Re: [v2] ext4: fix possible non-initialized variable

"Theodore Ts'o" <tytso@xxxxxxx> · Wed, 19 Sep 2012 16:41:00 -0400

On Wed, Sep 19, 2012 at 05:10:57PM -0300, Carlos Maiolino wrote:
> Ted,
> 
> In case of ext4_add_entry() I'm supposing to make the function call ext4_error()
> and return -EIO in the case where ext4_bread() returns NULL and err is 0'ed,
> does that matches with your thoughts or is there a better way to handle with
> this?

Yeah, that's about it.  The real issue is EIO isn't really the right
errno code, but we don't have a better one.  I've considered trying to
propose adding a new EFSCORRUPT errno value, just so that the error
message that eventually gets displayed back to the user via an
application error message is more obvious, but I haven't had the
energy to see if we can get it past the fsdevel shed-painting
process.

> I'm talking about ext4_add_entry() behavious mainly as an example to
> better understand how we should handle these situations. In case of
> ext4_add_entry(), based on our discussions ext4_bread() should not
> fail once dir entries should not have HOLES, so, a NULL return
> should indicate a on-disk corruption or an I/O error.

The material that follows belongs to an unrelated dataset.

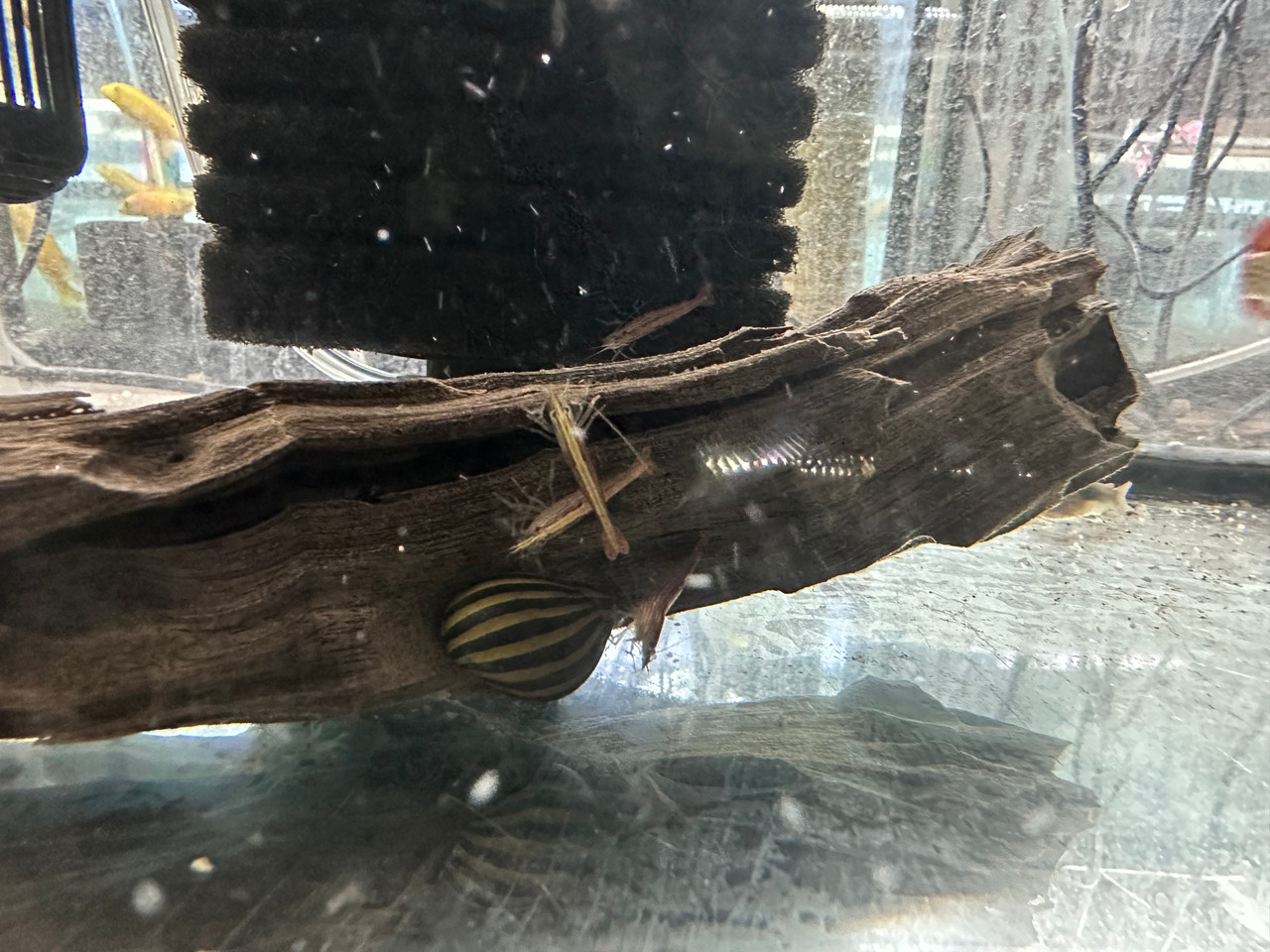 Tropical Inverts For Freshwater Aquariums: Bamboo Shrimp (Wood Shrimp)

Well, a NULL return indicates that there is a hole in that particular
inode.  If err=0, then it's a hole.  Whether or not a hole is an
actual file system corruption is up to the caller of ext4_bread() to
determine.  In the case of directories, holes are an example file
system corruption, so for the code in fs/ext4/namei.c, the appropriate
thing to do would be to call ext4_error() and then return an error to
abort the operation.

There is an argument to be made that if the file system is mounted
with errors=continue, in this case we could just try to ignore the
hole, and try to recover as best we can.  But that's going to be quite
tricky to implement, and I'm not at all convinced it's worth the extra
complexity to implement.  I could imagine someone who had a very high
requirement for "zero downtime" who might argue for this, but then we
would need to make sure the fallback code really was bulletproof.  If
we pursued this option, then the EIO or EFSCORRUPT error code would
only be returned in the errors=remount-ro case.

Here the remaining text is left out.